230. Kth Smallest Element in a BST

url: https://leetcode.com/problems/kth-smallest-element-in-a-bst/description/

Input: root = [5,3,6,2,4,null,null,1], k = 3
Output: 3

💻 Code

Approach :

• In the binary tree, inorder counts elements as increasing sequence.

1. Iteration Inorder

• TC: $O(h + k)$
  • $h$: height
• SC: $O(n)$

class Solution:
    def kthSmallest(self, root: Optional[TreeNode], k: int) -> int:
        stack = []
        while True:
            while root:
                stack.append(root)
                root = root.left
            root = stack.pop()
            k -= 1

            if k == 0:
                return root.val
            
            root = root.right

This iterative solution effectively traces the graph to identify the process and provides a clear and intuitive understanding of how the algorithm works.

2. Inorder Recursion

• TC: $O(n)$
• SC: $O(n)$

class Solution:
    def kthSmallest(self, root: Optional[TreeNode], k: int) -> int:
        def in_order(node):
            if node is None:
                return []

            return in_order(node.left) + [node.val] + in_order(node.right)
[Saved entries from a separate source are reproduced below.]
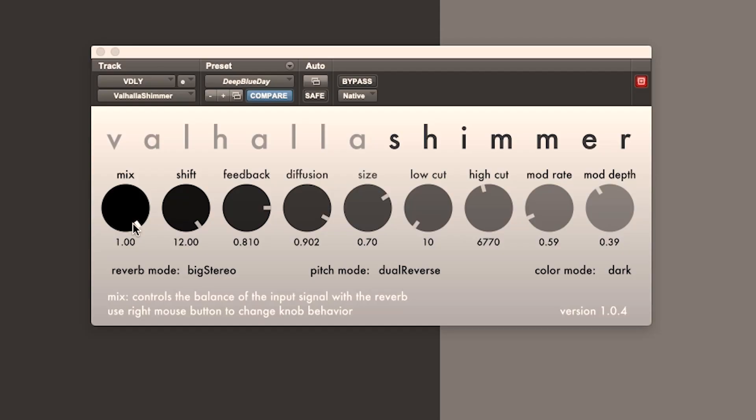We have our mix control to blend from dry signal to wet. No mix lock on this one. But the mix is not saved with the preset, so when you flip through presets it doesn't change the mix.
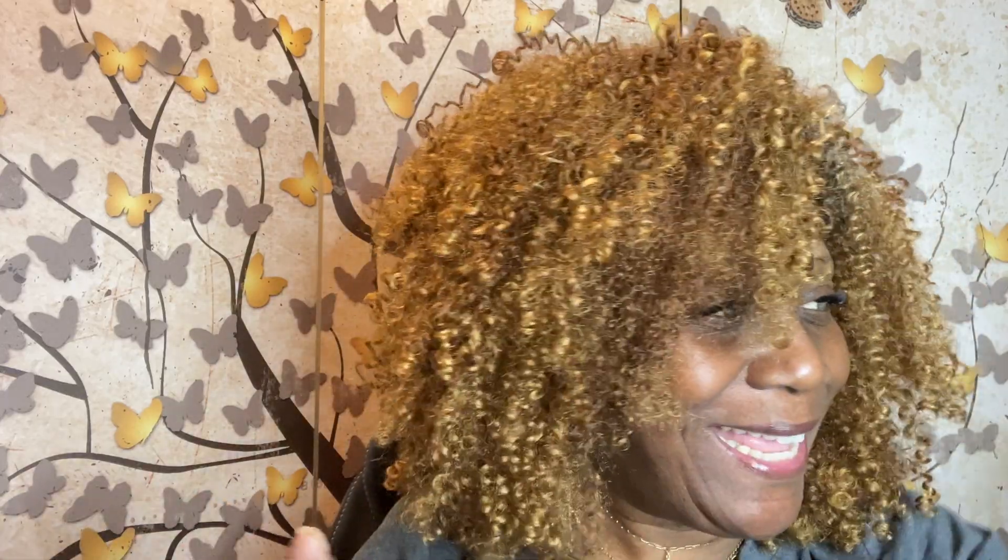This is super duper cute. I purchased this off Amazon — I think it was about $25. This is the Converti Cap Deluxe Cap. It comes in an array of different colors. I have the honey auburn — it's the Bahama Mama curl — and this is absolutely cool, I love it.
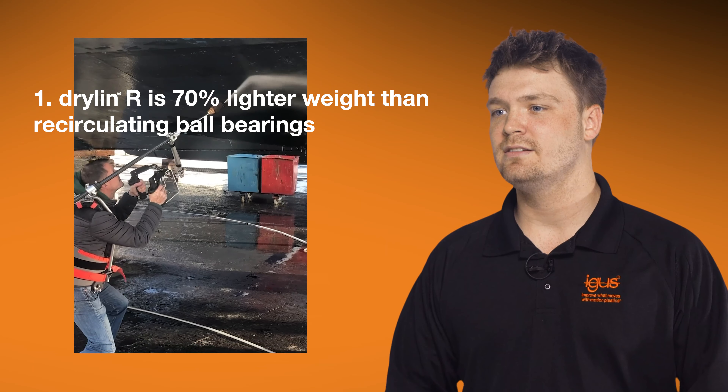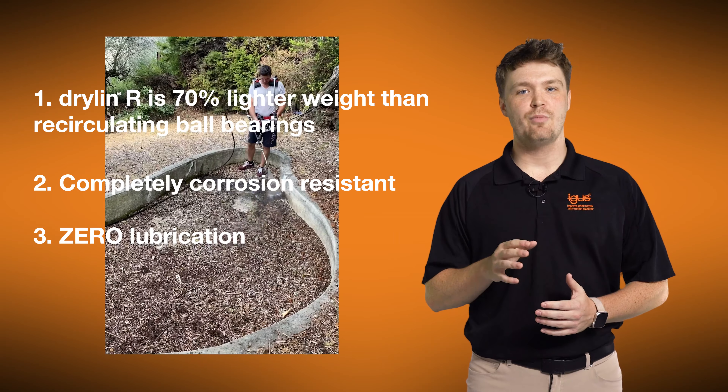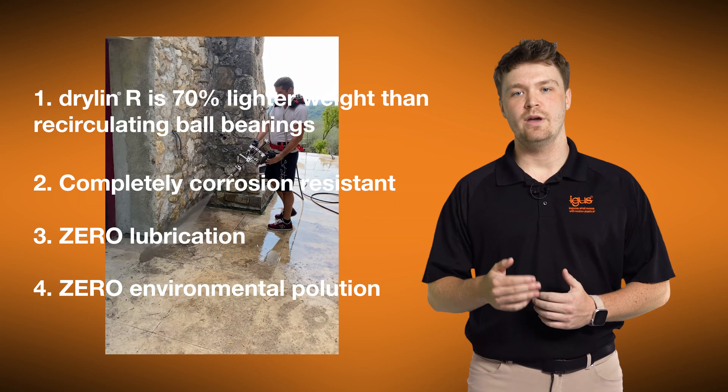Second, IGUS systems are completely corrosion resistant. Third, zero lubrication means that the operator's clothes remain clean and unstained. Finally, there is zero environmental pollution due to the elimination of oil-based lubricants. To learn more about Drylin Dry Running Linear Guides, click the link below.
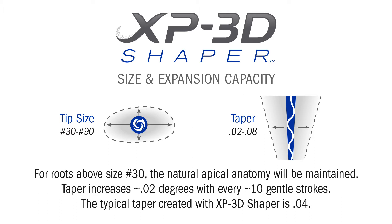For canals naturally larger than a size 30, the Shaper will not expand the apex, but will reach up to and debride all the way up to a size 90 while keeping the natural apex intact.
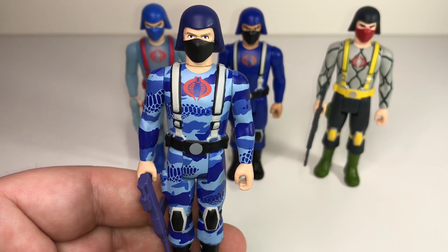So that was my review of Super 7's G.I. Joe Reaction Figures Wave 6 — the Tiger Force and Python Patrol wave. I hope you enjoyed it. If you did, please hit the Like button, hit Subscribe, and leave me comments below. Check out my prior videos — I've reviewed all the previous waves of G.I. Joe Reaction Figures and there's a Reaction Figure playlist. Stay tuned because Wave 7 won't be long. Thank you very much for watching — I'll see you next time!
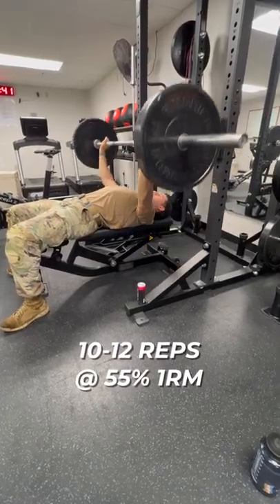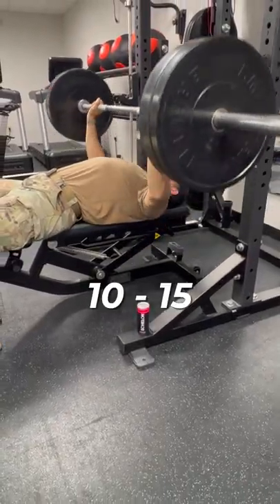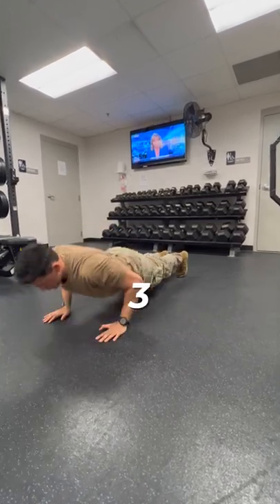Do you need help maxing the hand release push-ups? Barbell bench press 10-12 reps at 55% of your 1 rep max. Superset this with 10-15 hand release push-ups. You're going to rest 60 seconds and complete a total of 3 rounds.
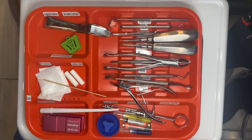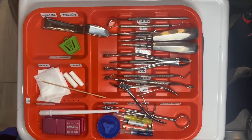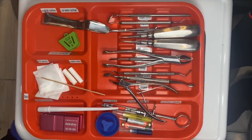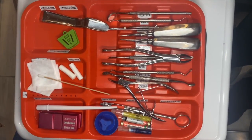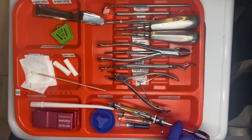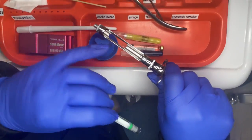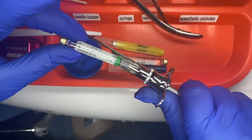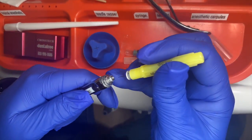This is our extraction setup. There are different instruments for extractions, but this is a start. We have our cotton tip to place our topical, we have our anesthetic syringe. Depending on the tooth number — let's say we're going to extract number 30 — we would place our anesthetic into our anesthetic syringe, open it rubber tip down, and we would use our yellow needle, our long needle, for a block.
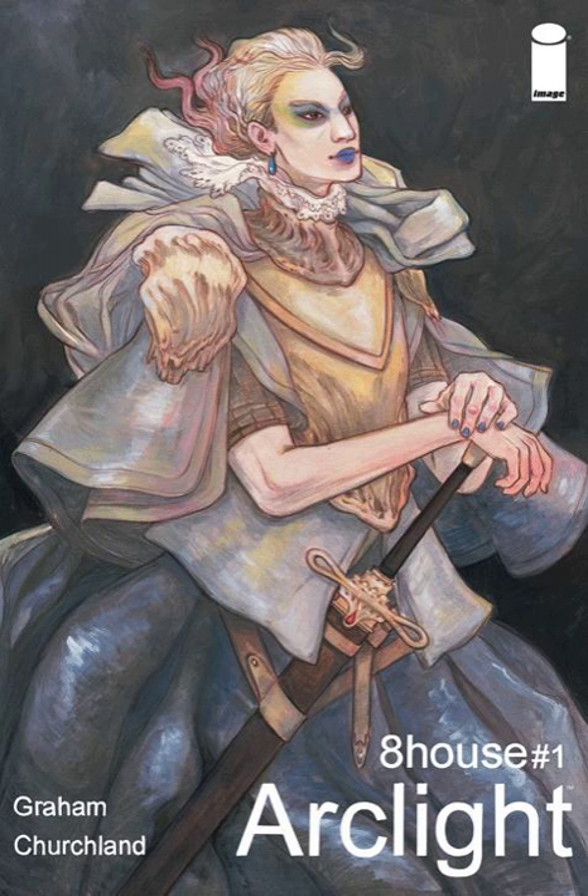I kind of get almost like a Dune vibe from this world. I could see that — kind of a more almost European sensibility in the architecture and culture. Yeah, I feel you.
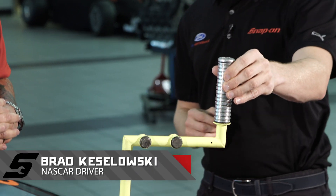I'm with Team Penske driver Brad Keselowski. This tool you see in front of you here is actually a track bar adjuster.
        return in_order(root)[k - 1]    # k - 1, because 1-indexed

This recursion solution reorganize all elements as an inorder. However, it stores whole elements before giving the answer. Thus, $O(n)$.

3. Optimal Inorder Recursion

• TC: $O(h + k)$
• SC: $O(n)$

class Solution:
    def kthSmallest(self, root: Optional[TreeNode], k: int) -> int:
        res = []

        def in_order(node, res, k):
            if len(res) < k and node is not None:
                in_order(node.left, res, k)
                res.append(node.val)
                in_order(node.right, res, k)

        in_order(root, res, k)

        return res(root)[k - 1]    # k - 1, because 1-indexed

This improved version of recursion automatically stops when it gets to the kth smallest element.